Last week, we reviewed the exhibition “Dutch Artists in Paris: 1789-1914” at the Petit Palais, and this week we have a show on one Dutch artist (and friends) in Montmartre: “Van Dongen and the Bateau Lavoir,” at the Musée de Montmartre.
When he moved permanently to Paris from Rotterdam in 1899, van Dongen settled in Montmartre in the company of many other young artists of the day and adopted anarchist views, which he expressed through his illustrations for publications like La Revue Blanche and L’Assiette au Beurre, some of which are on show here.

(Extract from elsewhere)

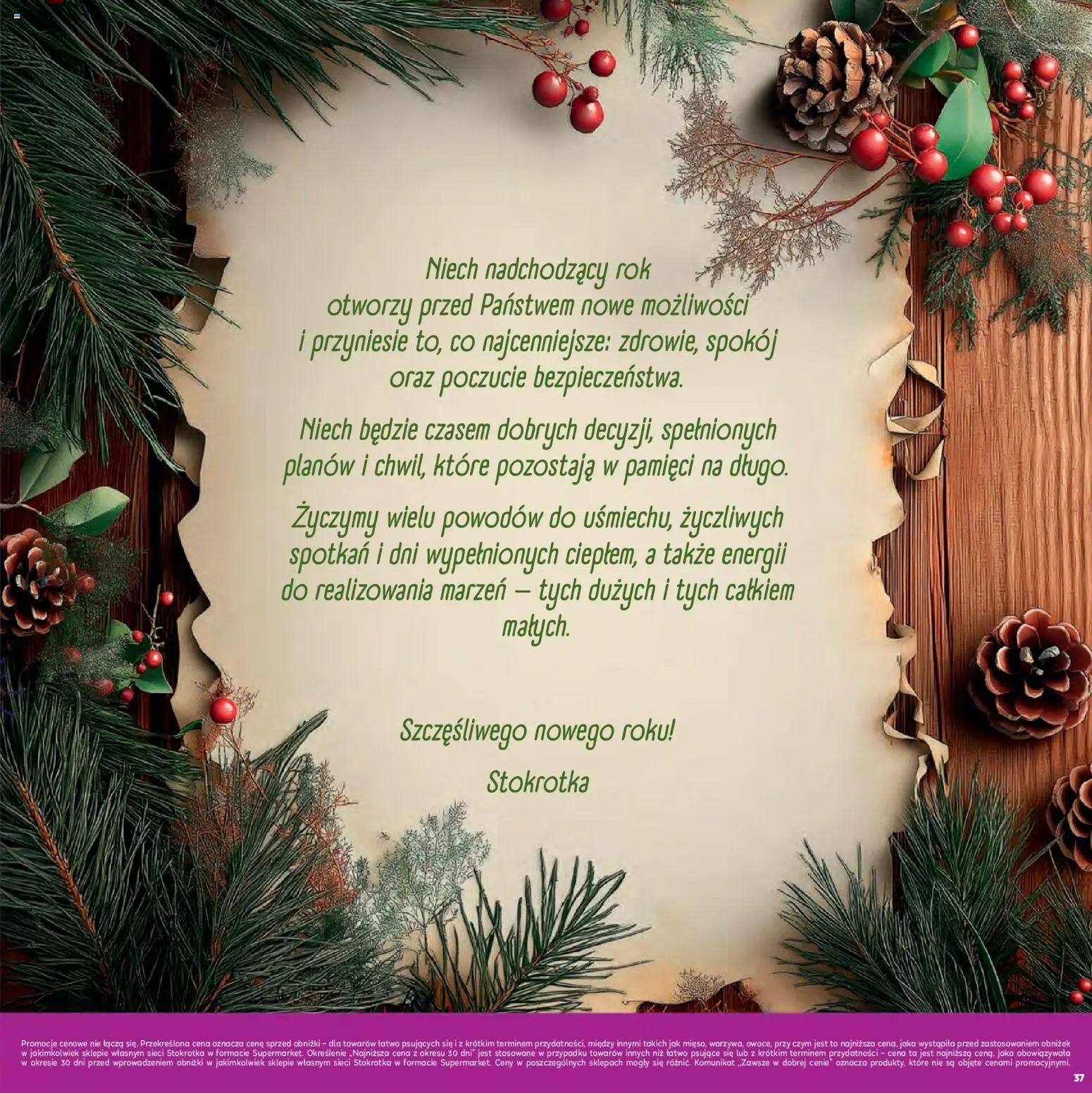 Stokrotka Gazetka - Sylwester od 30.12.2025 | Strona: 37 | Produkty: Stokrotka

The paintings from his early years in Paris veer from pretty, Utrillo-like Montmartre streetscapes (“Maison à Montmartre,” 1904) to such nightlife scenes as the Lautrec-influenced “Absinthe Drinker” (1902-03), in which a drunken lady, sitting most inelegantly on the street, as if she has just fallen on her bottom, flirts with a death’s head in a top hat.

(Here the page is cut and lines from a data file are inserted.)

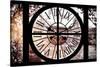 Giant Clock Window - View of the Pont des Arts in Paris-Philippe Hugonnard-Stretched Canvas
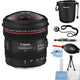 Canon EF 8-15mm f/4L Fisheye USM Ultra-Wide Zoom Lens + Lens Pouch Bundle Canon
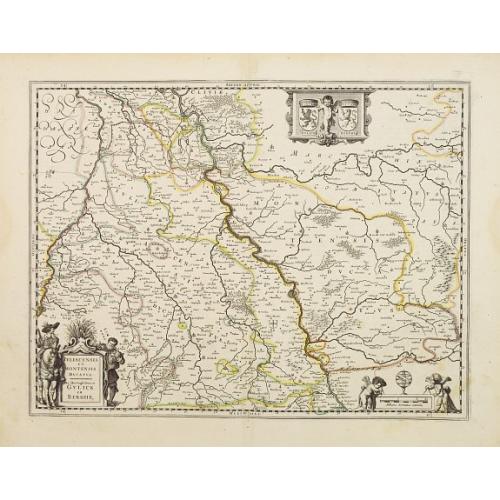 Old map image download for Juliacensis et Montensis Ducatus/ De Hertoghdomen Gulick..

The subject of nightlife continued to fascinate van Dongen throughout his long, successful career, but during this period, he seemed more interested in its sordid side, depicting faceless people in evening dress in the street or mooning about drunkenly in bars.
In 1905, van Dongen and his girlfriend, Augusta Preitinger, known as Guus, moved into the Bateau Lavoir, the famed studio building inhabited at the time by the young wolves of the art world, among them Picasso, Modigliani, Juan Gris and Max Jacob.

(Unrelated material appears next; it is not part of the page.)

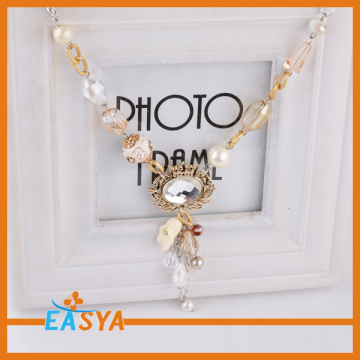 High Quality Ball Chain Jewelry Crystal Bead Fashion Necklace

One section of the show presents works done in the company of another Dutch couple who lived in the Bateau Lavoir, Otto van Rees and Adya Dutilh, both of whom were artists. Van Dongen’s most notable painting from a stay in the country with them is “Lieuses” (1905), a luminous work that clearly shows the influence of his departed compatriot Vincent Van Gogh, with its pointillistic approach to the bucolic scene of two women, one dressed in red and the other in blue, binding sheaves of hay in a field under brilliant sunshine.
Among the stronger works in the exhibitiom are “Le Carrousel,” (Manège de Cochons)” (c. 1905), which captures the whirlwind of movement of a merry-go-round; a semi-nude portrait of Picasso’s lover Fernande Olivier, made when they all lived in the Bateau Lavoir (according to Gertrude Stein, this painting led to words between the two rival artists); the powerful “Portrait of an Old Clown” (c. 1909-10), part of a series focusing on the Cirque Medrano; and “Portrait de Madame Marie-Thérèse Raulet” (c. 1925-30), pictured at the top of the page, a lovely depiction of a languid lady, which technically doesn’t belong in this exhibition since it was painted long after van Dongen moved away from Montmartre.
I have mixed feelings about van Dongen – I am repelled by his portraits of women with cartoonishly big eyes (of which there is only one in this show, “Deux Yeux,” from 1911) – and find his multiplicity of styles confusing, but then there are the wonderful paintings mentioned above.
While the selection of works in this show seems rather random (I imagine that it is difficult for a small museum like this to get loans of the best works), there are enough fine paintings here to make a special trip to the charming Musée de Montmartre worthwhile.